§ SOURCE INFORMATION:

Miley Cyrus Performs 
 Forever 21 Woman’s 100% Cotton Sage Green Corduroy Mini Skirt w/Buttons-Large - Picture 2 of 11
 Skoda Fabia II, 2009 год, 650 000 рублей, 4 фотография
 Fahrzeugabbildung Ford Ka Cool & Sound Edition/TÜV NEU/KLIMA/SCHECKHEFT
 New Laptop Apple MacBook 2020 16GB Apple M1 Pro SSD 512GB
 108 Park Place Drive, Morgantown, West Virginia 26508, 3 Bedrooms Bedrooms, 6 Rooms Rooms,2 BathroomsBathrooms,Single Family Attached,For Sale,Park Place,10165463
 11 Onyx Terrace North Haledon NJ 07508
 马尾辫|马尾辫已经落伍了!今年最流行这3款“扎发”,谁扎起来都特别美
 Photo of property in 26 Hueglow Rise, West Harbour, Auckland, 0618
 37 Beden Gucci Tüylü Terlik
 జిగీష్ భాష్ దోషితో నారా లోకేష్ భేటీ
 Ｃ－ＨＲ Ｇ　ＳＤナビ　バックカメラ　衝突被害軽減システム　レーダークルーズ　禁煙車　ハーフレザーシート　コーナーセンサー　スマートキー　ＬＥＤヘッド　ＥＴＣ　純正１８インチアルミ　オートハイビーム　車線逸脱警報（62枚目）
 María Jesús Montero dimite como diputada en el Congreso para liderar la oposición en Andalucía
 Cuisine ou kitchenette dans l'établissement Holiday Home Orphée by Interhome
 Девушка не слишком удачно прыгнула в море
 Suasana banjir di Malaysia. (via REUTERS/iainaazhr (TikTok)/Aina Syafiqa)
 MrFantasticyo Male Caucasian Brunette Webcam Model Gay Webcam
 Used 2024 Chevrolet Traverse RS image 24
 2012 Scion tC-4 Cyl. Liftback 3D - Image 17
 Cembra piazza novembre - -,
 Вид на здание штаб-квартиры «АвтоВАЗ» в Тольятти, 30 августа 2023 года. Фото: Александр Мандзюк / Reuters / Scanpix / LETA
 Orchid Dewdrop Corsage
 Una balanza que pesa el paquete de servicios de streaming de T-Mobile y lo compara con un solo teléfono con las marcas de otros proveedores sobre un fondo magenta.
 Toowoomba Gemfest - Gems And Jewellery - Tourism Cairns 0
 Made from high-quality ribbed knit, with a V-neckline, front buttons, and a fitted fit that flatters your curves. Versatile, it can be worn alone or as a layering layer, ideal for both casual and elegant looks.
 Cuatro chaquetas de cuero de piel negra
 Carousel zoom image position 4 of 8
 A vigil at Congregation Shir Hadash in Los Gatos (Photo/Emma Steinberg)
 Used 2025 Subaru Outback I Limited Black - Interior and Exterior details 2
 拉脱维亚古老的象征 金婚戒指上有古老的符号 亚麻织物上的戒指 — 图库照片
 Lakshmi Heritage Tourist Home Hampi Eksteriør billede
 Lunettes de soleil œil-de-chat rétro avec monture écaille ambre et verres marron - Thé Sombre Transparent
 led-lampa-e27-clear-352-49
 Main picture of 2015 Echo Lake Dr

§ EXERCISE DESCRIPTION: Gather and copy every line of the data in which the string "Used" is found.

§ RESPONSE AREA:
 Used 2024 Chevrolet Traverse RS image 24
 Used 2025 Subaru Outback I Limited Black - Interior and Exterior details 2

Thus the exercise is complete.